*** Opening DATASET ***

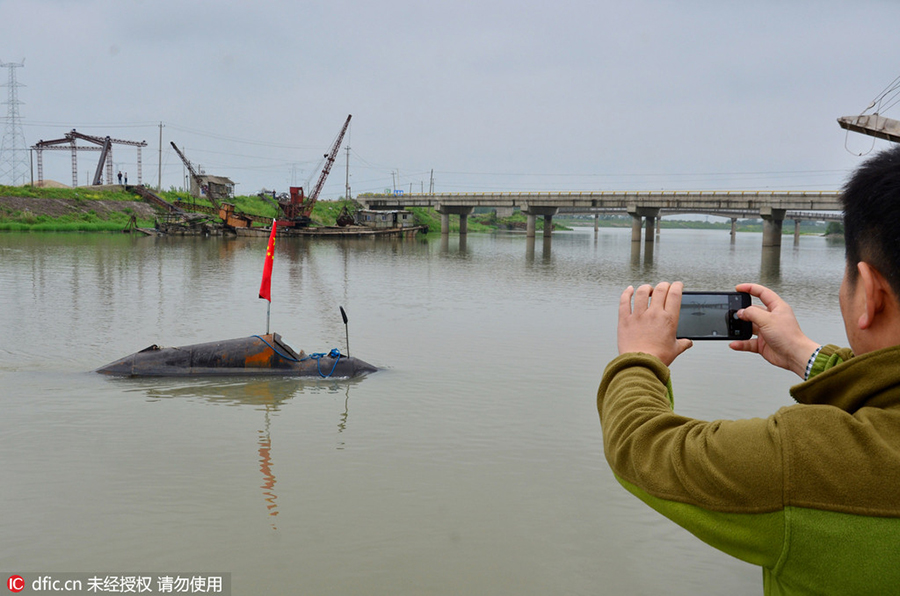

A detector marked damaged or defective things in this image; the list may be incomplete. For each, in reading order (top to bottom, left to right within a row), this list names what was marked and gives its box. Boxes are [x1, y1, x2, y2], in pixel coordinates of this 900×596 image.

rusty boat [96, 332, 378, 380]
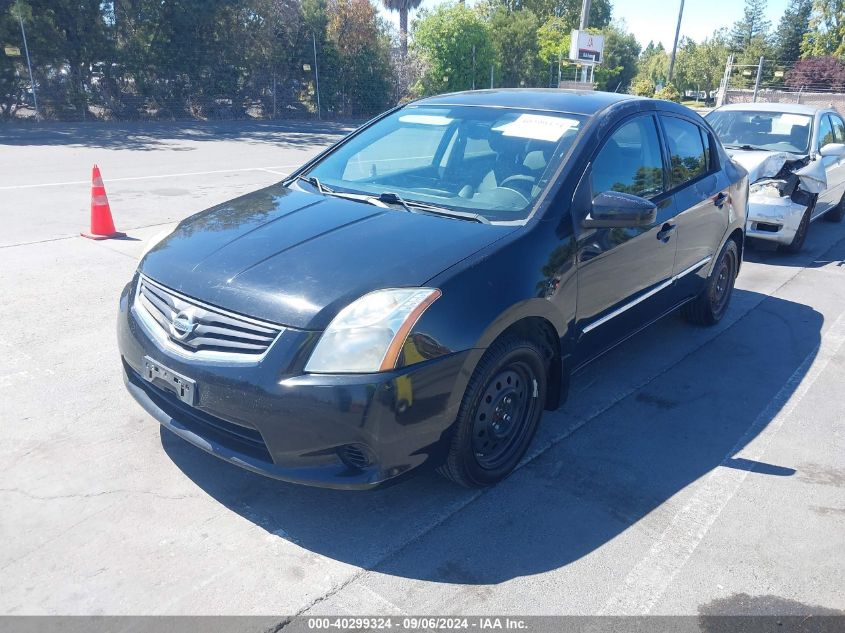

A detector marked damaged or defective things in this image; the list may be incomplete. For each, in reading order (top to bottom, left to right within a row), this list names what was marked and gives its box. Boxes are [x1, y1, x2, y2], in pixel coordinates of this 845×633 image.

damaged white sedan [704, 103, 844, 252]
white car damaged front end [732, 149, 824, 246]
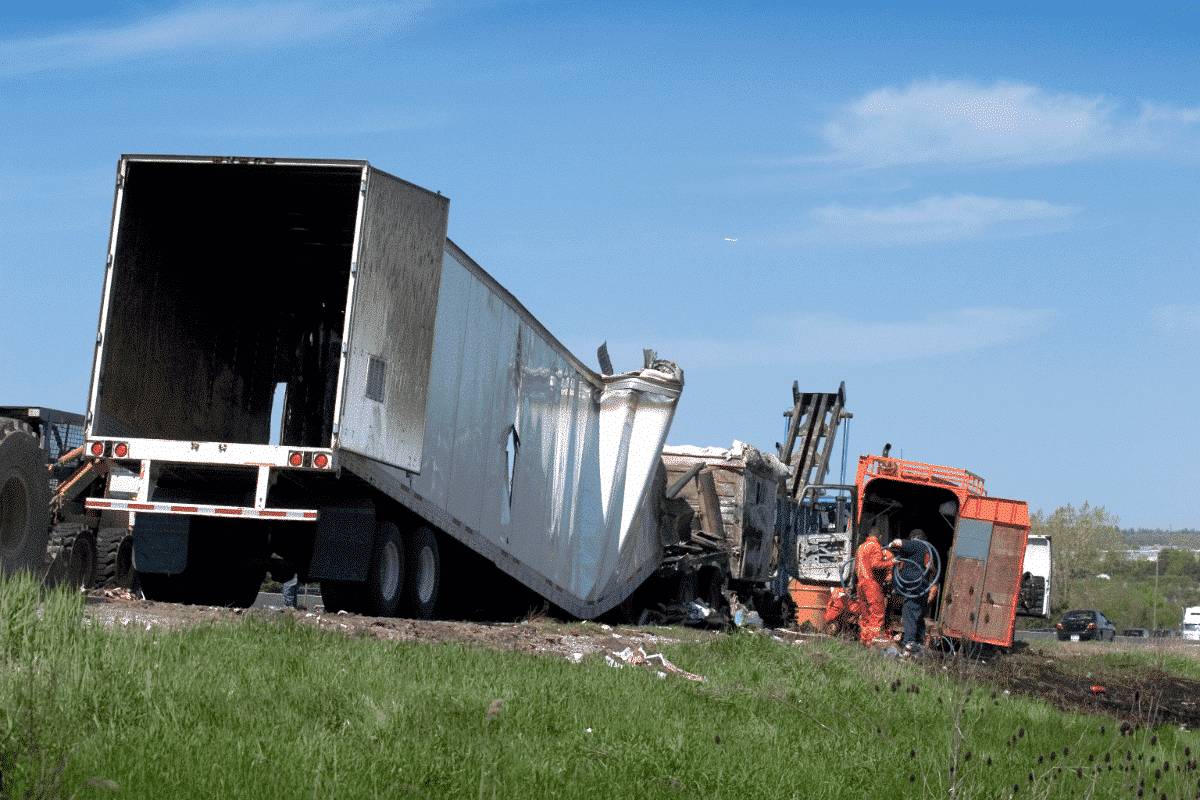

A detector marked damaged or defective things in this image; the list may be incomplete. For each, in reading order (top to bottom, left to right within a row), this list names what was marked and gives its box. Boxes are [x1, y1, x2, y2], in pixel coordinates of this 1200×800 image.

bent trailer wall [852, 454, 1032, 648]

*** Closing DATASET ***

Copy over exactly the lines above from the one with "this 1200×800 image." to the last, both included, and no others.

SOLUTION TO THIS TASK:
A detector marked damaged or defective things in this image; the list may be incomplete. For each, in reading order (top to bottom, left to right within a row), this list names what was marked and gives its box. Boxes are [x1, y1, x2, y2], in pixel coordinates of this 1200×800 image.

bent trailer wall [852, 454, 1032, 648]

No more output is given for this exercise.